===== SOURCE MATERIAL =====
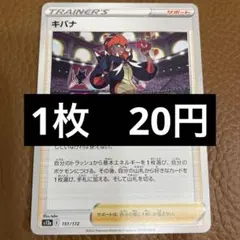 ポケカ　キバナ　在庫1のサムネイル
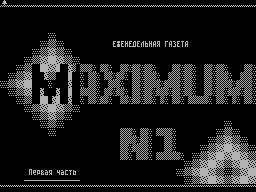 Maximum #43
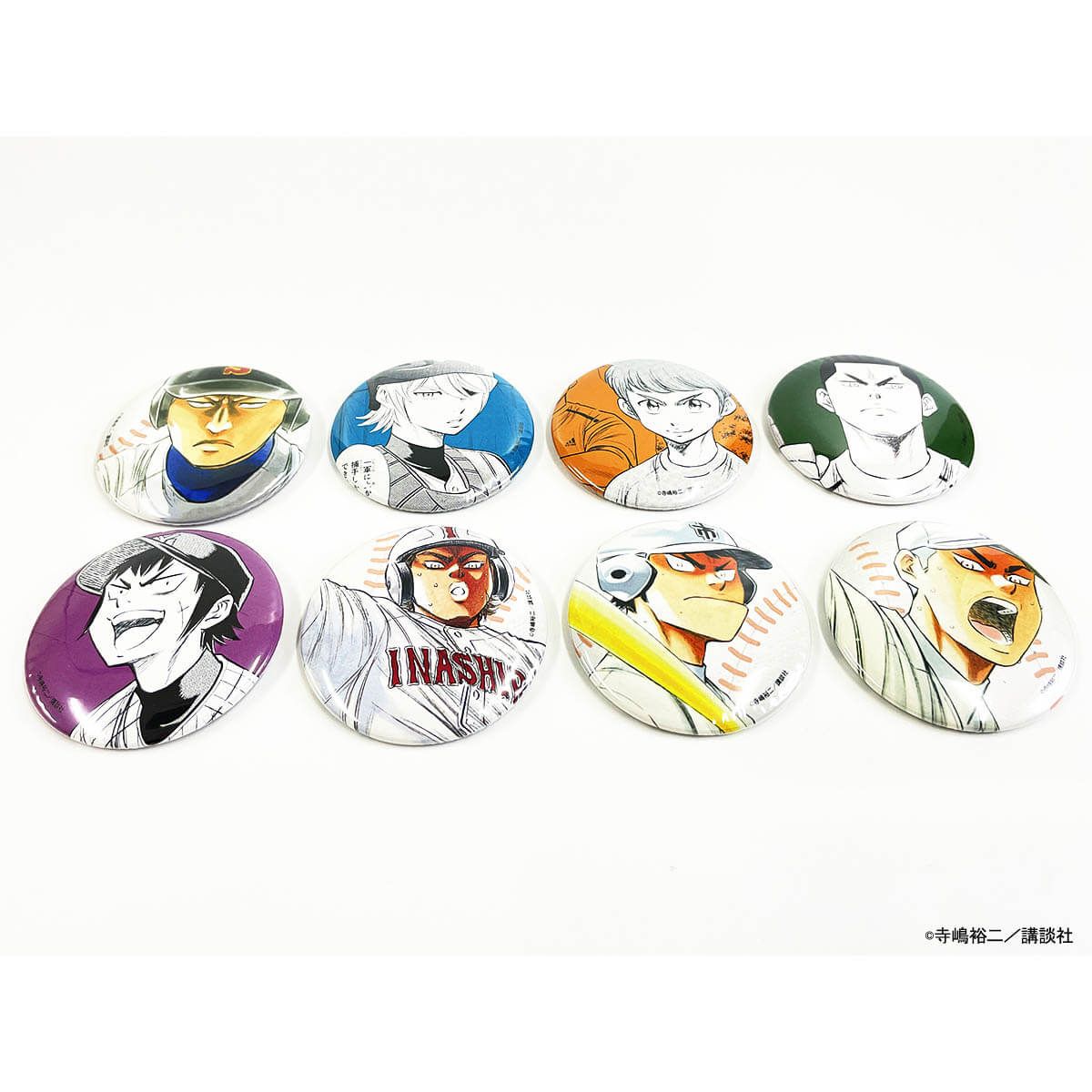 缶バッジ「ダイヤのA actⅡ」29/コンプリートBOX(全8種) 青道高校&他校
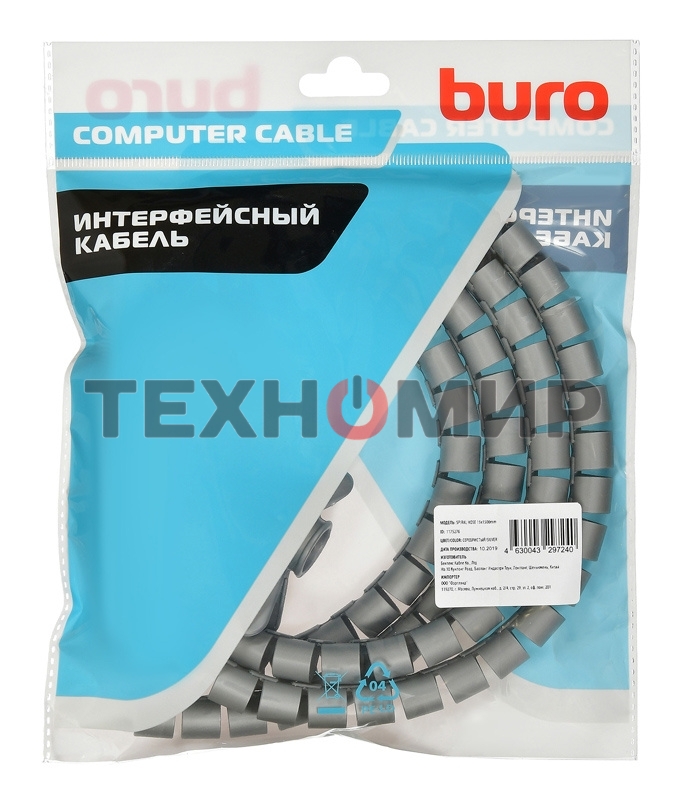 Кабельный органайзер Buro Spiral Hose 15x1500мм Silver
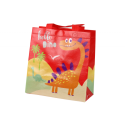 Dinosauruste kinkekott Punane 23cm x 21,5cm x 11cm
=====
YOUR OBJECTIVE: A word-for-word copy of the entries is needed, with no pictures in it.

RESULT FOR THIS TASK:
 ポケカ　キバナ　在庫1のサムネイル
 Maximum #43
 缶バッジ「ダイヤのA actⅡ」29/コンプリートBOX(全8種) 青道高校&他校
 Кабельный органайзер Buro Spiral Hose 15x1500мм Silver
 Dinosauruste kinkekott Punane 23cm x 21,5cm x 11cm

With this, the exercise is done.